The Beavers have 20 verbal commitments, plus Jesuit linebacker Christian Martinek, who also intends to play baseball and could wind up as a signee in that sport.
They are limited to 25 signings and are actively pursuing at least nine other players, including offensive linemen Kaleb McGary (Tacoma, Wash.) and Kolton Miller (Roseville, Calif.), defensive linemen Antonio Guy (College of the Canyons, Santa Clarita, Calif.) and Lamone Williams (Kahuku, Hawaii), defensive backs DeVaughn Murray (Spring Valley, Calif.), Denzel Fisher (Compton, Calif.), Khalil Oliver (Meridian, Idaho) and Glen Ihenacho (Gardena, Calif.) and receiver Xavier Hawkins (Fulton, Tenn.)
All of the coaches will head on the road for home recruiting visits next Thursday. There will be major recruiting weekends in Corvallis on Jan 17-19 and Jan. 24-26. Ten players are ticketed to visit the first weekend, including six commits -- defensive ends Shane Bowman and Glyeb Ewing, receiver Datrin Guyton, cornerback Kevin Hayes, quarterback Nick Mitchell and offensive tackle Trent Moore -- along with Guy, Hawkins and Oliver. Also expected to come is offensive guard Kammy Delp, who has committed to Arizona State.

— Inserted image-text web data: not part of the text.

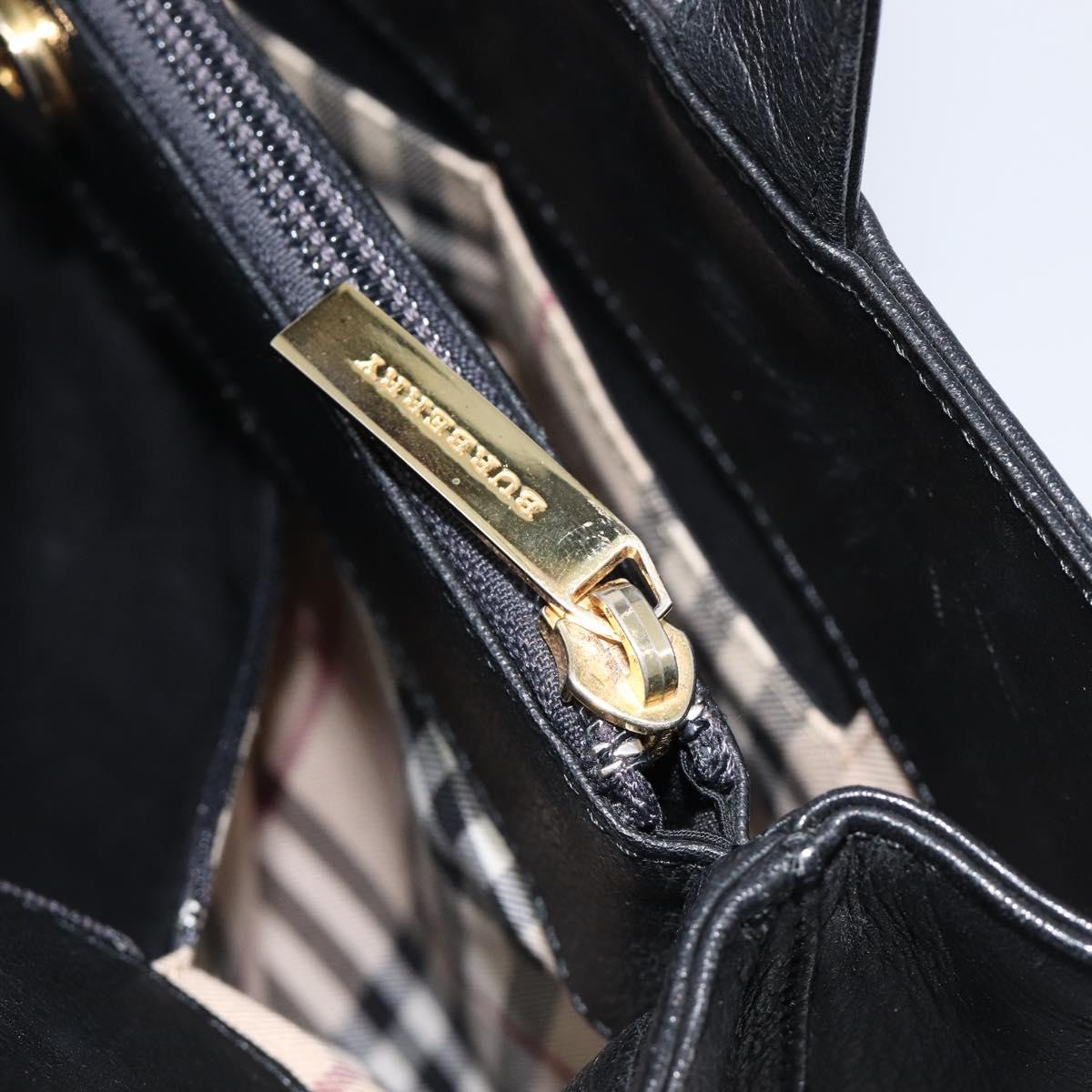 BURBERRY Hand Bag Leather Black Gold Auth 214941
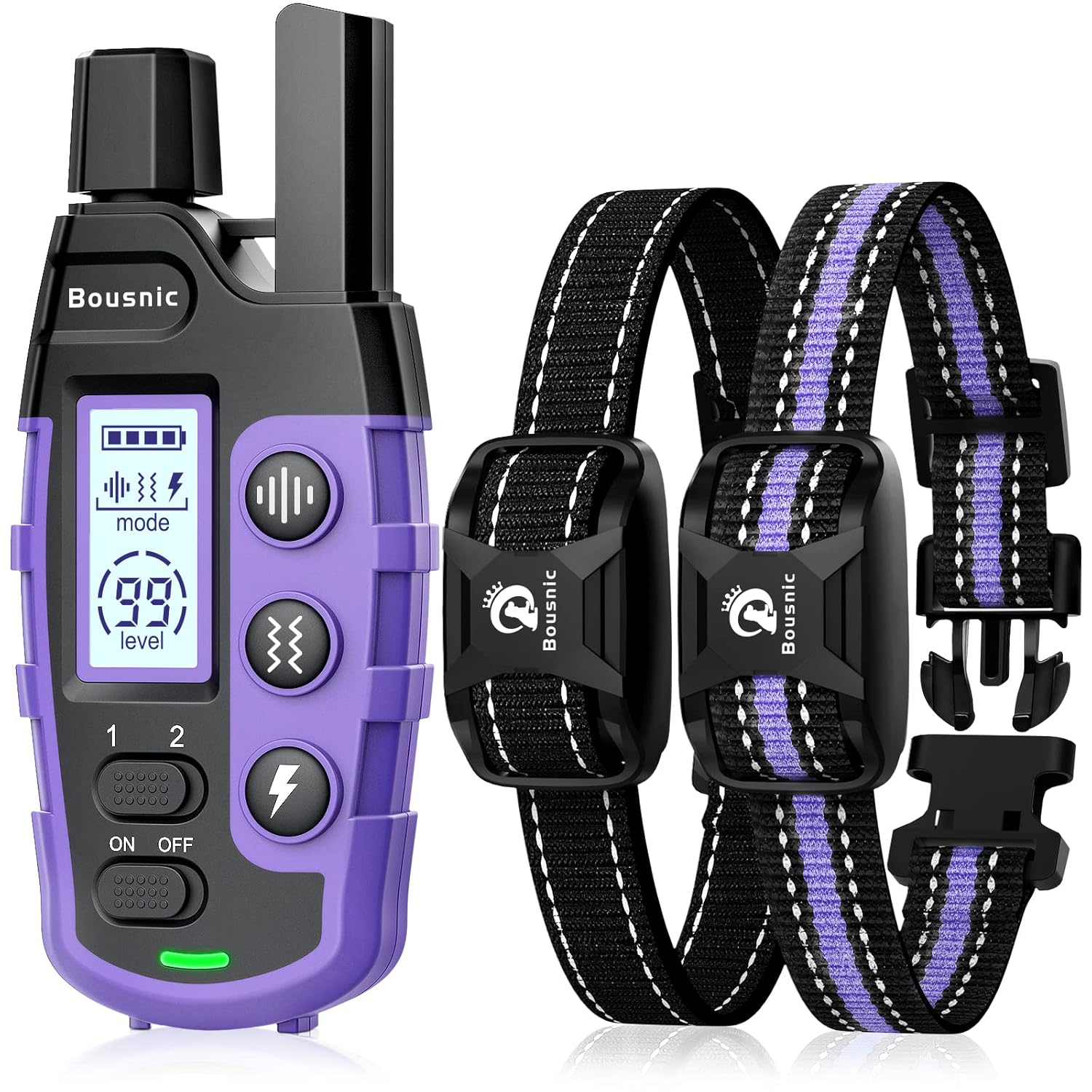 Bousnic Dog Shock Collar 2 Dogs (5-120Lbs) - 3300 ft Waterproof Training Collar for Dogs Large Medium Small with Rechargeable Remote, Beep (1-8) Vibration (1-16) and Humane...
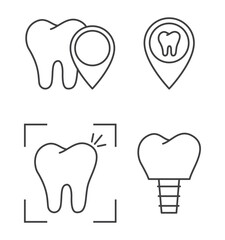 tooth dental implant outline icon set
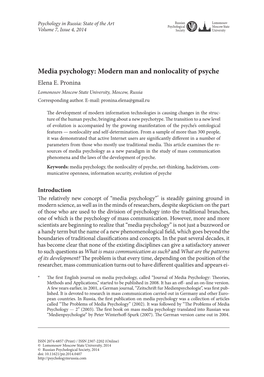 Media Psychology: Modern Man and Nonlocality of Psyche Elena E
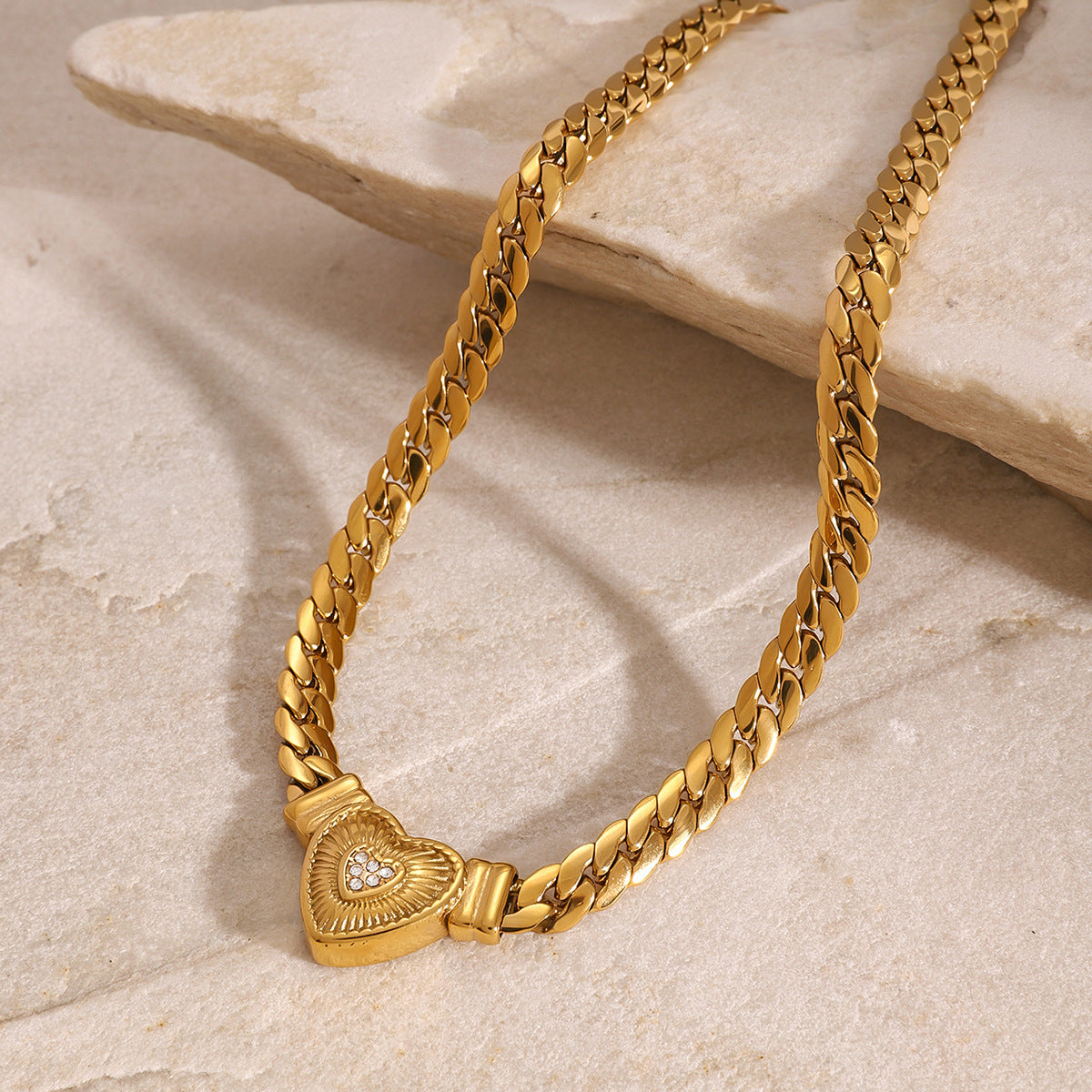 Stainless steel love diamond collarbone chain necklace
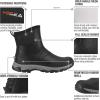 imageHISEA Excursion Pro Mens Rain Boots Ankle Height Rubber Neoprene Hunting Boots Waterproof Insulated Outdoor Mud Shoes for Hunting Gardening Farming Hiking Camping and Yard Working Size 11 Black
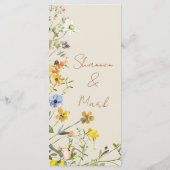 Trouwdiner Menu voor Wilde Bloementuin (Achterkant)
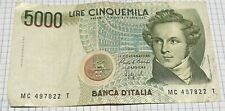 Vecchia Banconota 5000 Mila Lire MC 497822 T Banca D’Italia 4 Gennaio 1985
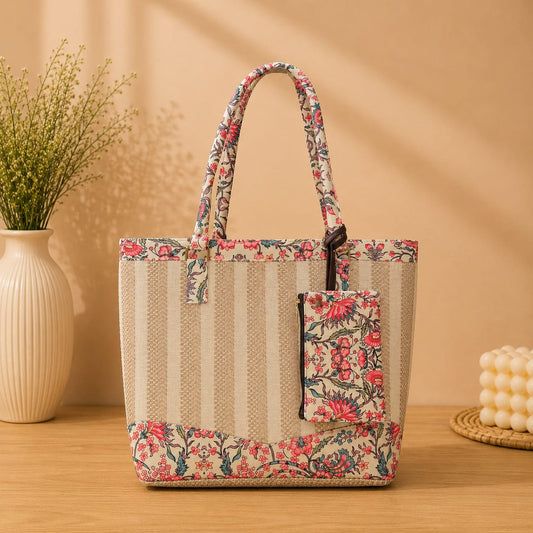 Premium Canvas Jute Tote Bag with Matching Zipper Pouch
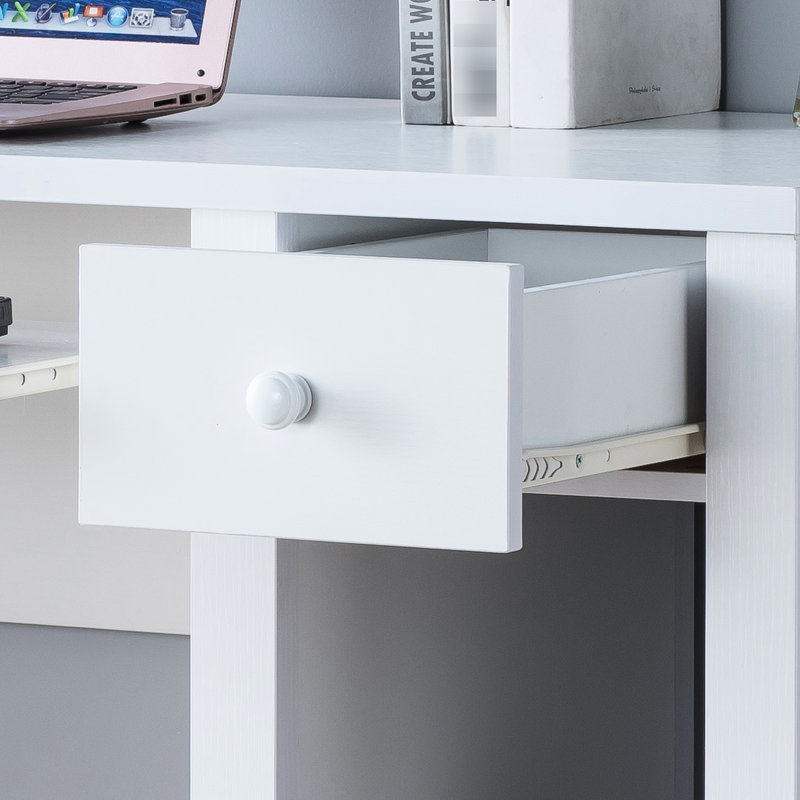 Bureau d'ordinateur portable 39 po, blanc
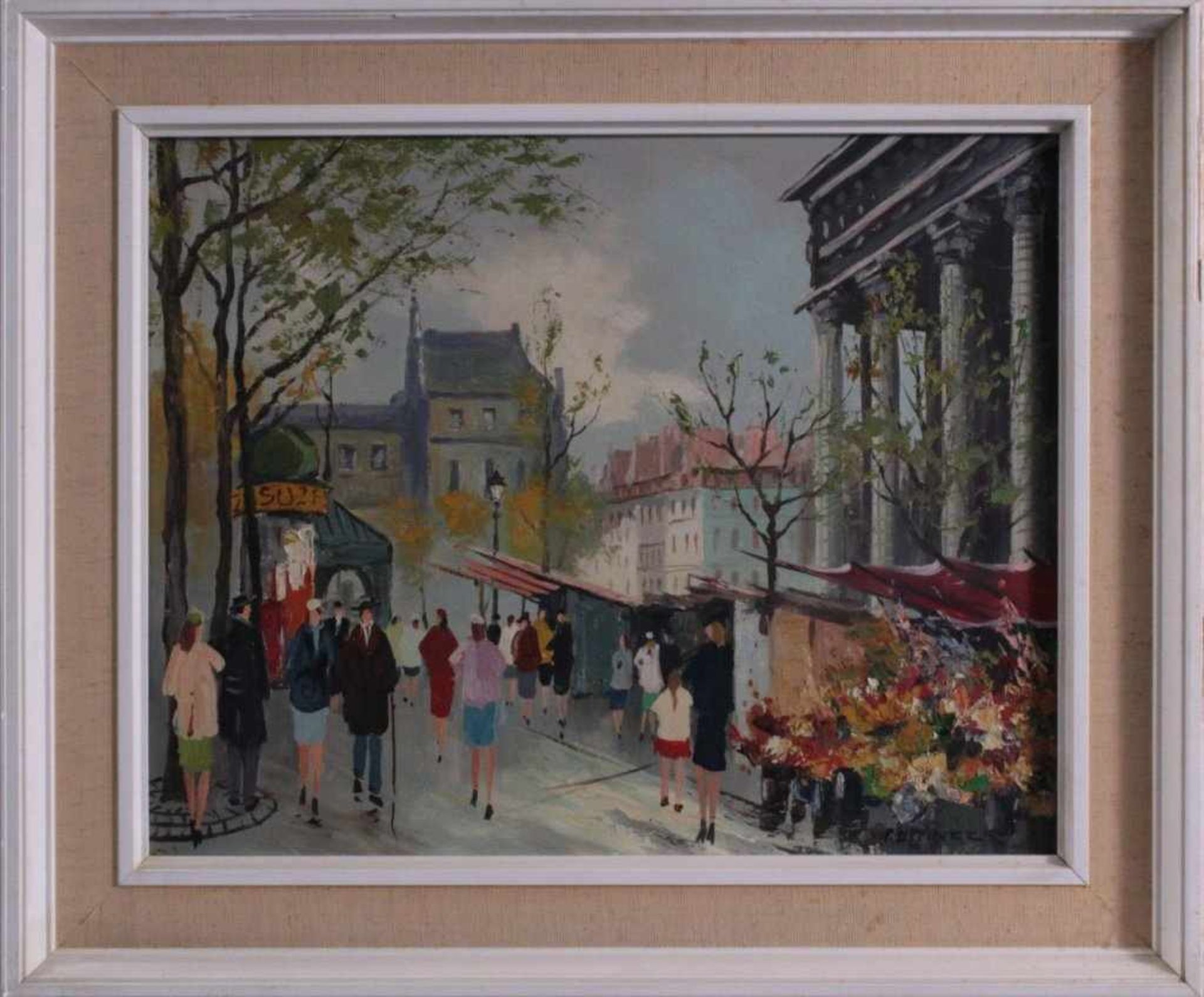F. AttingerÖl auf Leinwand. "Paris, Madeleine (Blumenmarkt)", untenrechts signiert, ca. 40 x 50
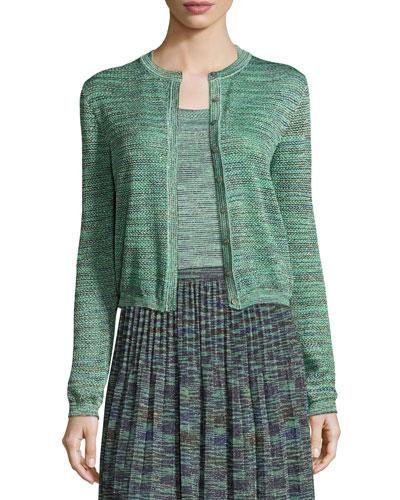 Space-dyed Lurex&reg; Cropped Cardigan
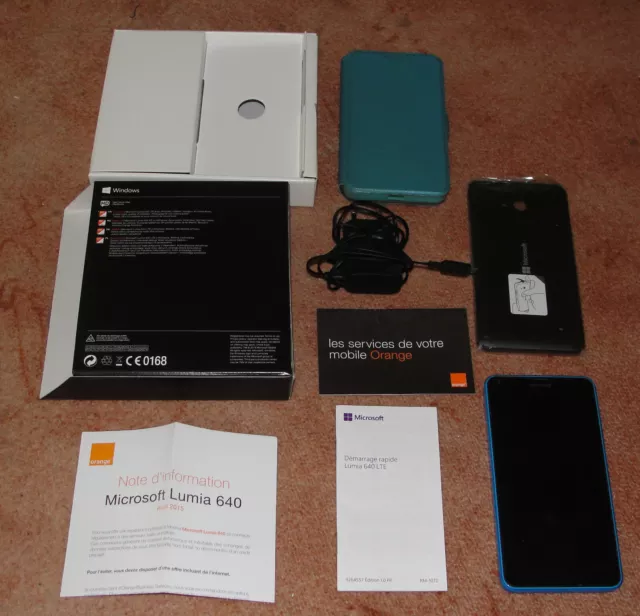 Microsoft Lumia 640 mobile bleu simlocké Orange avec boîte d'origine accessoires 3
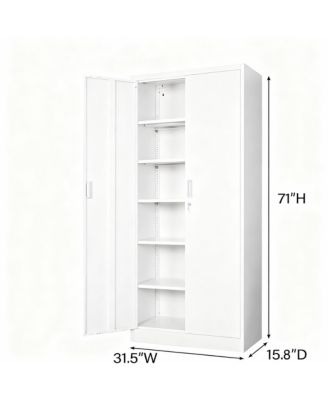71" White Metal Cabinet with 5 Adjustable Shelves & Lockable Doors for Garage/Office/School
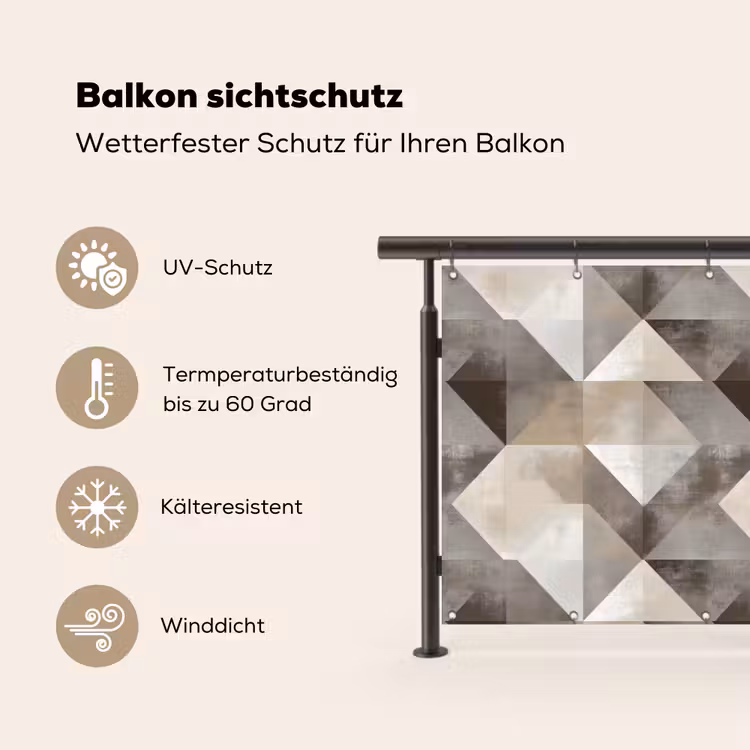 Geometrisch - Motief - Aardetinten Balkonbeschermer Duitsland klein 596 -specs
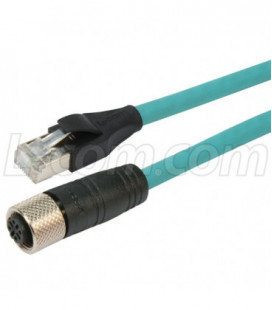 Category 5e M12 4 Position D code Double Shielded Industrial Cable, M12 F / RJ45, 10.0m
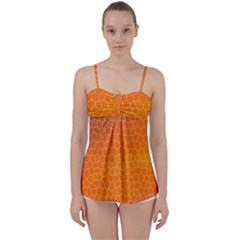 Orange Mosaic Structure Background Babydoll Tankini Top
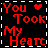 A 3x3 contact sheet of an animated AIM buddy icon showing eight frames with red and white pixelated text on a black background, featuring the phrase "You Took My Heart And Ran Away" with heart symbols and varying text colors across frames.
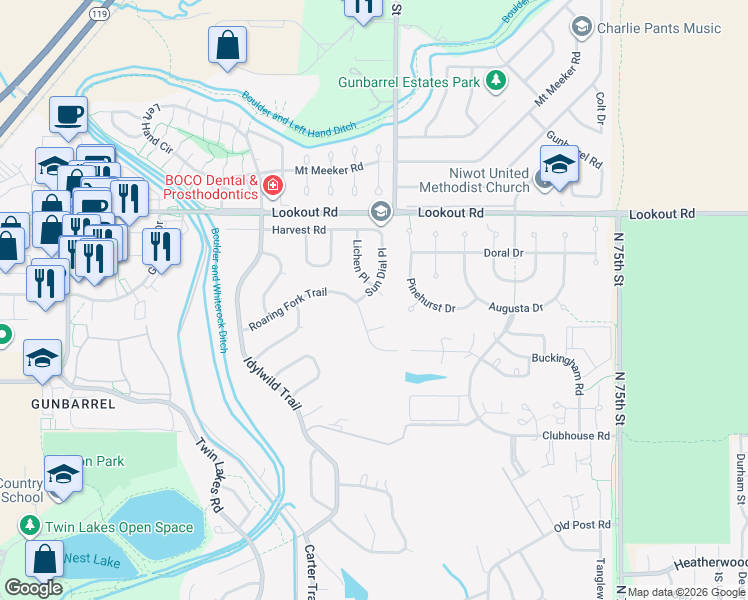 map of restaurants, bars, coffee shops, grocery stores, and more near 7035 Yampa Court in Boulder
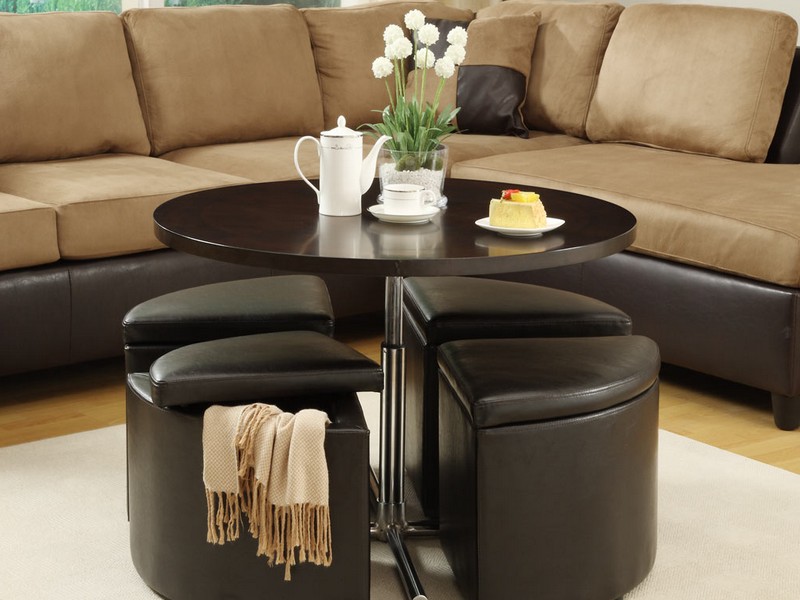 Round Leather Storage Ottoman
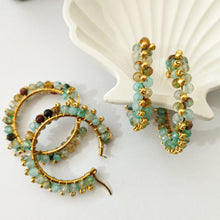 Load image into Gallery viewer, Earring Love Hoop Gemstone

NOTES: Kyle Peko, the defensive tackle commit from Cerritos College in Norwalk, Calif., has one more class to complete this winter. OSU coaches anticipate him being on campus for spring ball. The move of 6-5, 225-pound receiver Obum Gwachum to defensive end for his senior season "has everybody excited about the possibility," Riley says. "Maybe one day we'll regret we didn't do it earlier. He has athletic ability and size, which is a very good thing at defensive end. He enjoys the physical part of the game and wants to find a place to play." Gwachum's body type reminds of Matt Lagrone, the former Nevada basketball player who started at D-end during his one football season at OSU in 2009. "It's a similar deal," Riley says, "but Boomer has more football experience than Matt did." Villamin is still working through the NCAA Clearinghouse for his eligibility. OSU coaches hope to have him eligible for spring ball but seem certain he'll be available by August training camp. Riley will meet with Joel Skotte and his father Friday to discuss the linebacker's football future. Skotte was limited with a concussion suffered last season.